When Bonhams returns to the Fernandia Beach Golf Club in Florida for its annual Amelia Island Auction on March 5, the auction house will offer 20 significant vehicles from the private collection of Gerhard Schnuerer, a Southern California resident whose assemblage of cars chronicles the evolution of the automobile. In particular, Schnuerer has specialized in vehicles from his native Germany, and Bonhams’s upcoming sale features a trio of exceptional Mercedes-Benz motorcars, each one a premiere representation of its era.
The oldest lot from the collection, an 1897 10hp Benz Mylord-Coupe, is also one of the earliest motorcars equipped with a twin-cylinder engine and king-pin steering. Believed to be one of only three examples still in existence with this rare body style, the car represents the marque’s first legitimate foray into motorized vehicles through the presence of the revered Contra-Motor, which, as the name suggests, produces 10 hp.

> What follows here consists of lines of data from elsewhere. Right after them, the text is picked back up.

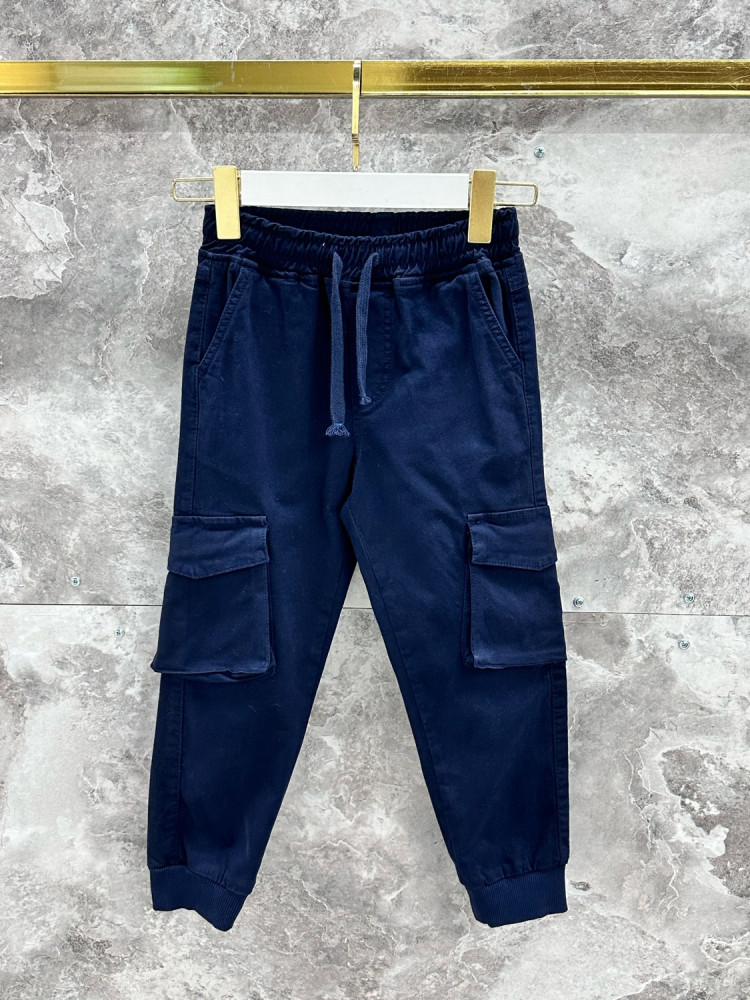 Купить Джинсы оптом Садовод Интернет-каталог Садовод интернет-каталог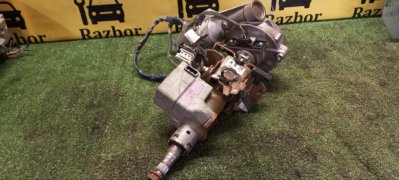 Электроусилитель руля Toyota Corolla 2011 E 151
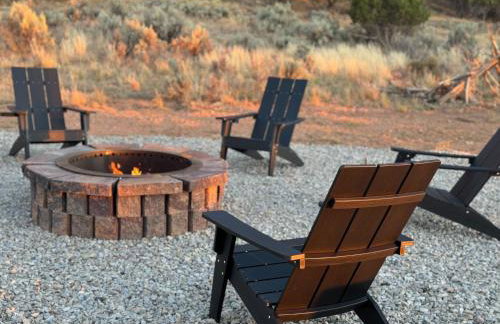 Beehive Basecamp Explore Ski Play and Make Memories - Foto 68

“It’s the connection between the horse-drawn buggy and the motorized vehicle as we know it,” says specialist Michael Caimano, highlighting the car’s body style, which mirrors traditional horse-drawn carriages of the time period. “As Benz evolved the engine, it made sense to attach it to something widely accepted as a mode of transportation.” Bonhams expects the car to sell for as much as $750,000.

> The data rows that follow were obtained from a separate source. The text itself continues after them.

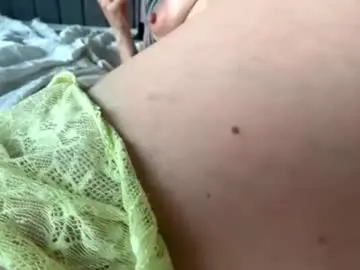 Chaturbate Private Sex Chat of hawt_ass_milf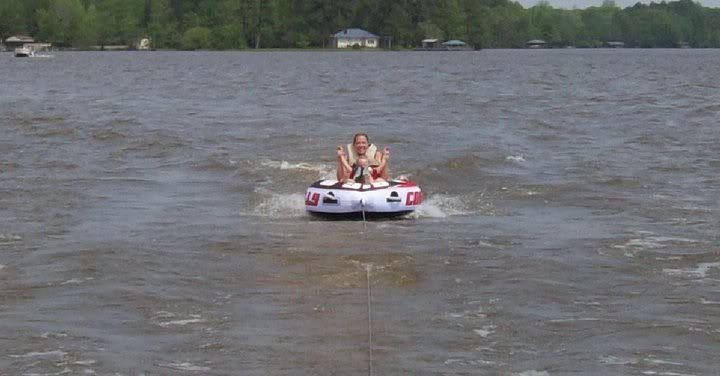 tubing.jpg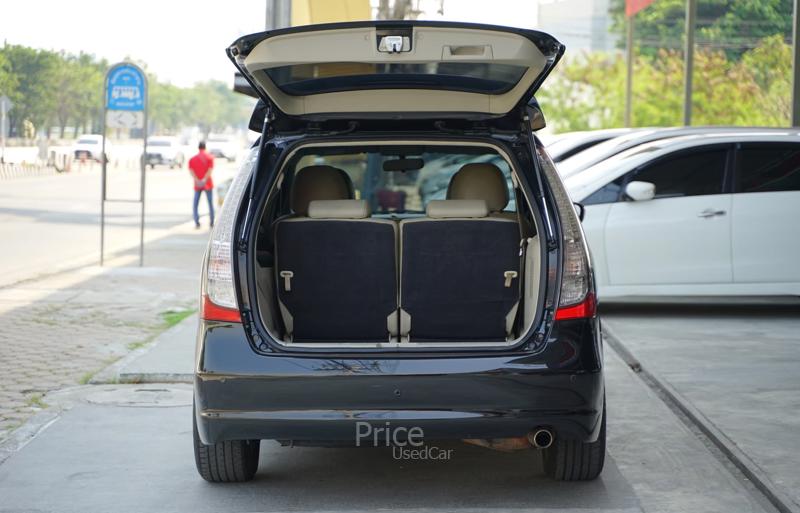 ขายรถตู้มือสอง-mitsubishi-มิตซูบิชิ-space-wagon-รถปี2010-รหัส89233-07930928.jpg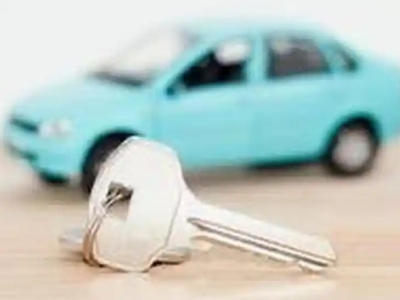 高碑店汽车抵押贷款办理流程,高碑店车抵贷需要什么条件?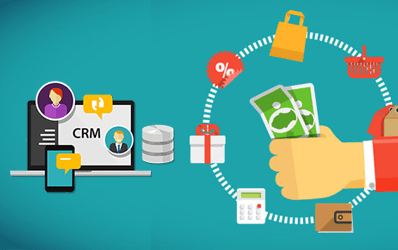 Crm Crm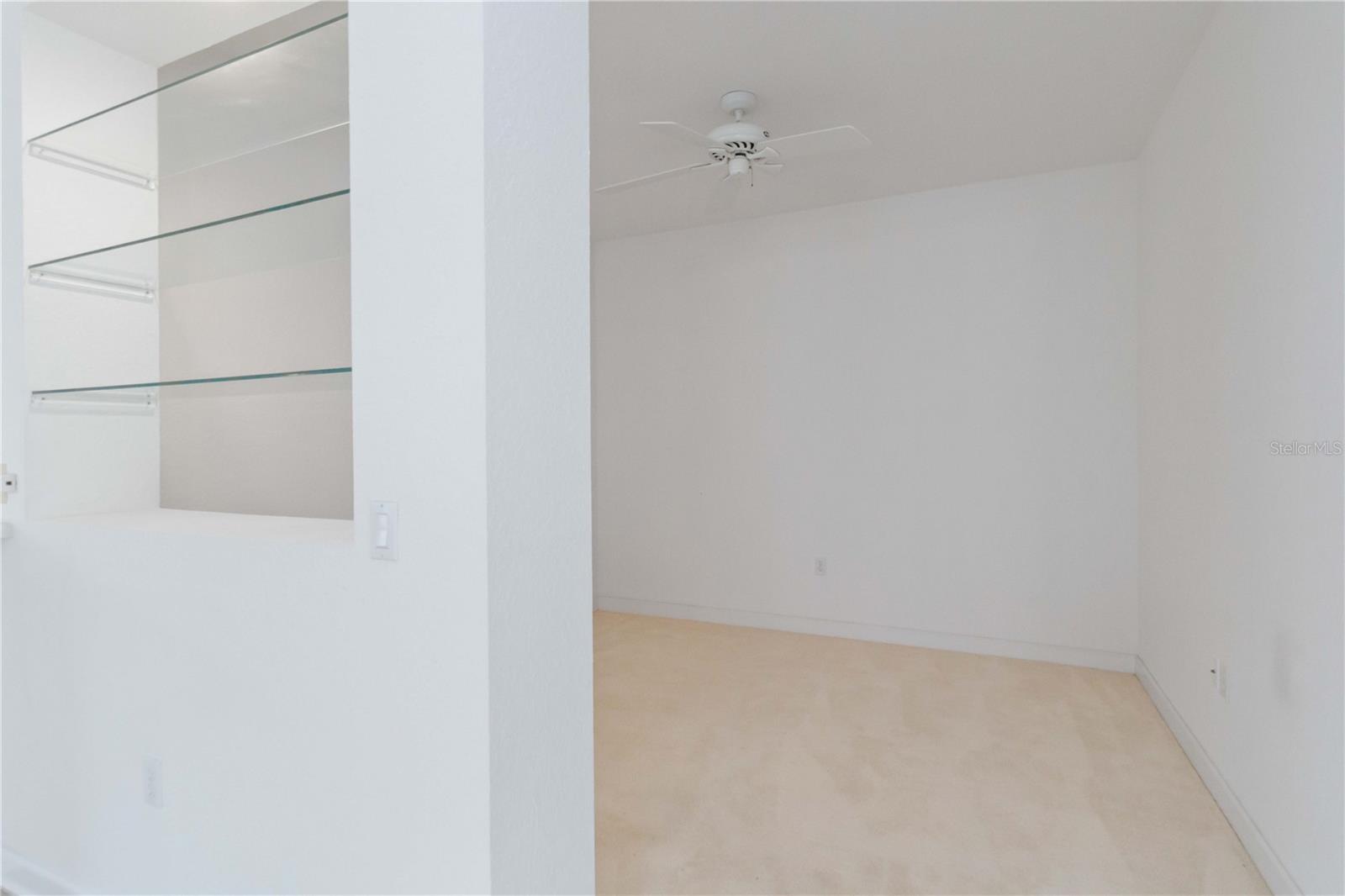 AVALON AT THE VILLAGES OF PALM-AIRE 2 - Residential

By the start of the 20th century’s second decade, Benz had significantly upgraded the power of its machines, evidenced by a 1911 Benz 50hp Victoria that will also cross the Bonhams block. Reportedly built for Titanic passenger Charles Melville Hays (who never took delivery due to the aforementioned cruise liner’s tragic sinking), this particular vehicle cost almost $10,000 when new—the equivalent of almost $278,000 today. It’s also believed to be the only surviving example of the model.
According to Caimano, this car—with its open coachwork and large T-Head inline 4-cylinder engine—represents an early iteration of the sports car. Remarkably, the vehicle’s ownership history is well-documented across all 109 years of its existence. “Even if there were other surviving examples of the 50 hp chassis and engine,” says Caimano, “this is a totally customized car. It really stands out from the crowd because there’s nothing else like it.” For all of those reasons, it’s expected to fetch as much as $500,000.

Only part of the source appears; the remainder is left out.